A Scientific Approach to Leadership
and Management Development

"Leadership Matters"
— A Management Newsletter —

Turning Around a Declining Business

Let's say a business within your company has matured, and you must manage its declining circumstances. Revenues are down, and there's enough competition that your products have become mere commodities. Sales are slipping, and new technologies are threatening your business's very existence. What do you do?

This is the scenario faced by many in the newspaper industry, but some managers are taking active steps to turn things around. At one major metropolitan newspaper, we met John Maher, a manager whose marketing group found a way to generate new revenue and cut costs.

Maher saw the writing on the wall, and began thinking a lot about new opportunities. He and his team formulated a plan, and determined a way to execute the plan through effective delegation and structure. When Maher thinks about assigning work to others, he thinks about accountability, authority and resources. "Assigning the work requires all three of these things. Clarity on these things has made all the difference," Maher says.

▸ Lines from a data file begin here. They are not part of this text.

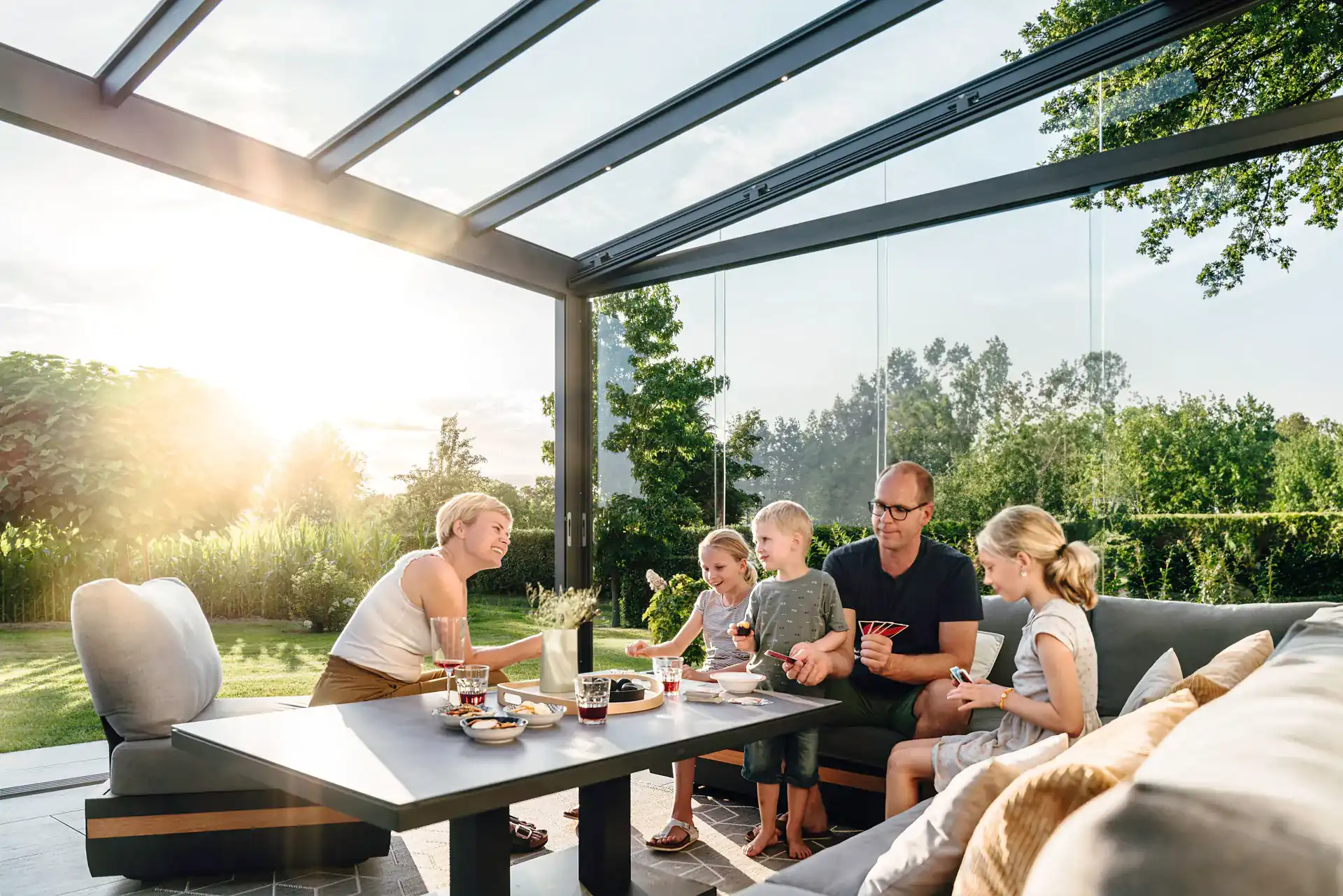 Familie unter einer Solarlux-Terrassenüberdachung von Wild & Kienle
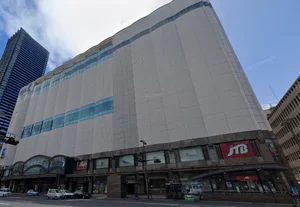 福屋広島駅前店 徒歩10分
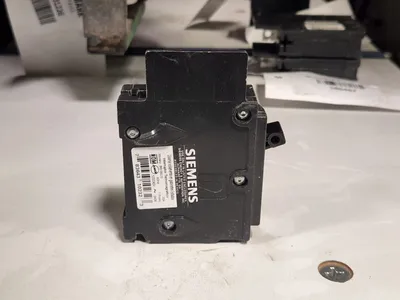Used SIEMENS BQ1B020 Switchgears British Columbia CA | Lenmark #242060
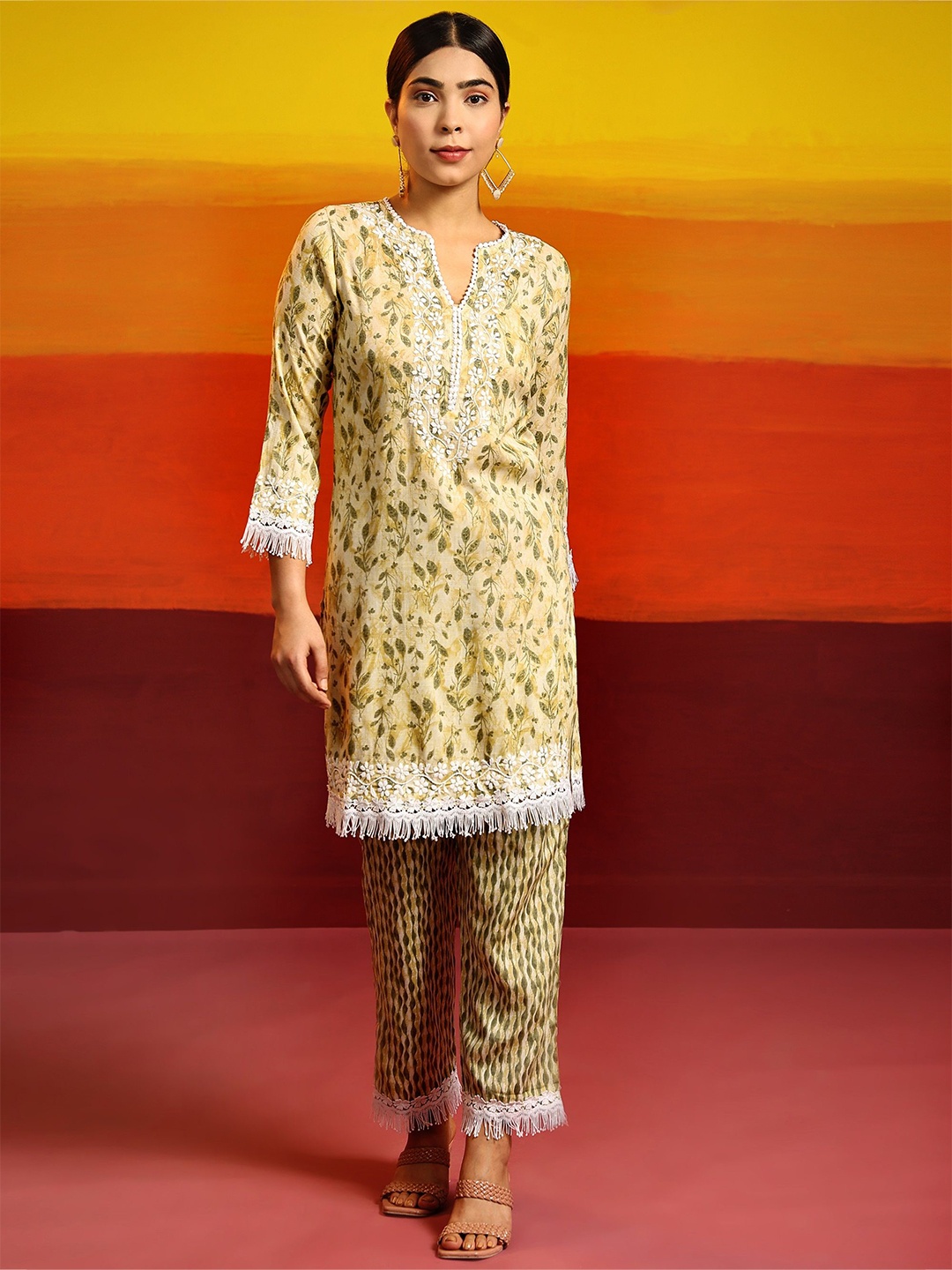 

HOUSE OF KARI Floral Printed Notch Neck Chikankari Straight Kurta with Trousers, Green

"I can pay attention to long-term issues without sacrificing short-term results."

The turnaround started when Maher began to focus clearly on what was most important for his department. Specifically, he trained his focus on three things: increasing revenue, increasing circulation and extending the brand. Very simple, but it became a mantra for his group. If an activity does not contribute to at least one of these things, they don't do it.

This clearer focus and more effective direction in assigning the work have given Maher more time to think. "My outlook on time has changed," he says. "I can pay attention to long-term issues without sacrificing short-term results." While he remains focused on present performance, he also pays attention to the longer-term priorities and planning that eventually make all the difference for bottom-line results.

For example, he now looks to see what changes will be coming within a year or two and be prepared when the changes occur. Clearer delegation has given him more time for this; by better focusing people on what is important, he has been able to eliminate unnecessary work.

In addition, he seeks the same kind of clarity on projects that are assigned to him from above, either getting greater clarity or postponing those where the accountability is poorly defined or the authority is too diffused to allow for effective action. This has freed up time for him to focus on higher-impact priorities.

While he has been able to make jobs bigger for his direct reports, he has also been able to decrease payroll cost by eliminating unnecessary or non-value-added activities. His payroll costs declined by 13% through a more efficient staff that is now closer to the work.

So how has Maher's marketing department done in the three target areas? For revenue, Maher helped his group literally transform itself from a cost center supporting circulation to a revenue producer. From zero revenue, the marketing group is expected to drive more than $1,000,000 per year within three years, much at significant margins.

Maher's group conceived new promotional campaigns, and managed them internally rather than outsourcing, significantly impacting both revenue and cost. And many of the projects are aimed at increasing circulation — an important function of his department. A recent promotion drove $500,000 and increased daily single copy sales by 10% during the promotion. Overall, gross copies through marketing promotions increased from 1.68 million to 2.96 in two years, and new home-delivery subscriptions soared.

Extending the brand is also evident. One product promotion substantially enhanced the brand. Data show that 97% of respondents had an improved or unchanged perception of the publication, and perhaps more remarkably, some of the few who were dissatisfied with the promotion actually had an improved perception of the publication.

Maher is quick to assign credit for all this to his staff. Managers in his department say that the bar is set high and that they have more authority and autonomy. They also exhibit more initiative and creativity. One manager asked to collect a rights fee when making a deal to use the newspaper's image on fast food cups. "I was not involved with this," Maher said. "She assumed authority based on what her job was." She turned a brand extension opportunity into a revenue driver.

Maher speculates that his staff is more opportunistic because of the experience they gain by having bigger jobs. "They think of things like rights fees because they are involved in deals where other companies request rights fees on their brands."

Maher has had fun growing his people — while helping them get better results. And their activities have helped a mature, declining business improve its prospects for the future.